■ Exercise brief ■
Look for the word "Road" in the entries and copy every line where it shows up.

■ Crawled caption data ■
*-*-*

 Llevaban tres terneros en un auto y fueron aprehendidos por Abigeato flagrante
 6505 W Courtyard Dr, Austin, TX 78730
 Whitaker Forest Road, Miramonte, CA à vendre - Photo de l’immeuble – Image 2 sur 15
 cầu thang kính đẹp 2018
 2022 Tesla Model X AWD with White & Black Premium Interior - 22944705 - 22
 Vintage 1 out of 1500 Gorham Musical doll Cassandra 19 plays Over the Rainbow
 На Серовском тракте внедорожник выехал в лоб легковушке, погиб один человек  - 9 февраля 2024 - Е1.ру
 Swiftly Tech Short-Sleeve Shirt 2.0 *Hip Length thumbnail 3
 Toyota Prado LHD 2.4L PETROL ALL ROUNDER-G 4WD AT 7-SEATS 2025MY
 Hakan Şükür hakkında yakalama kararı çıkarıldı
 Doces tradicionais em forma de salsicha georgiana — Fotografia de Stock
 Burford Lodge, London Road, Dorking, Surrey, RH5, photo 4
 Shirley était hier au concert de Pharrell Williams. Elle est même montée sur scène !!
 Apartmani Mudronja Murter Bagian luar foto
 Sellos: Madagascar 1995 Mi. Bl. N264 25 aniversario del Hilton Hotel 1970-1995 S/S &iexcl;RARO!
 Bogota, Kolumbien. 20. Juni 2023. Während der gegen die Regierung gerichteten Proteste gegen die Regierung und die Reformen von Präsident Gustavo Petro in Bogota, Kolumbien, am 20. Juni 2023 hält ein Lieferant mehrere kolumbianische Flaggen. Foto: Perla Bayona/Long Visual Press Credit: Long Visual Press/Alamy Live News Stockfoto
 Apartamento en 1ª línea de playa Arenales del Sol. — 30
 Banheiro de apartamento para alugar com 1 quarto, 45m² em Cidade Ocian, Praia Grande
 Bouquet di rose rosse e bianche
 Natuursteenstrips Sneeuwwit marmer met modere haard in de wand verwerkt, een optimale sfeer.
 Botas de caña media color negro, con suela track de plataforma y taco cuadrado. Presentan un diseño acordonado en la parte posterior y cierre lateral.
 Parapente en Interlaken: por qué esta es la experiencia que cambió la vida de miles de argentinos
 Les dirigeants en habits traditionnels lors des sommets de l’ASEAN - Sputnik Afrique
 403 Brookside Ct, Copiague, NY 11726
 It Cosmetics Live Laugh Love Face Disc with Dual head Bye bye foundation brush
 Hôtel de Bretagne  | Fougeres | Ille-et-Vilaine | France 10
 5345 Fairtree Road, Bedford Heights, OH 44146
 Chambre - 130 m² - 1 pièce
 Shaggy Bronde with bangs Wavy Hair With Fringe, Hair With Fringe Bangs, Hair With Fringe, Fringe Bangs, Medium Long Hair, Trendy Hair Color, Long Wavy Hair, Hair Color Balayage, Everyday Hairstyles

*-*-*

■ Response ■
 Whitaker Forest Road, Miramonte, CA à vendre - Photo de l’immeuble – Image 2 sur 15
 Burford Lodge, London Road, Dorking, Surrey, RH5, photo 4
 5345 Fairtree Road, Bedford Heights, OH 44146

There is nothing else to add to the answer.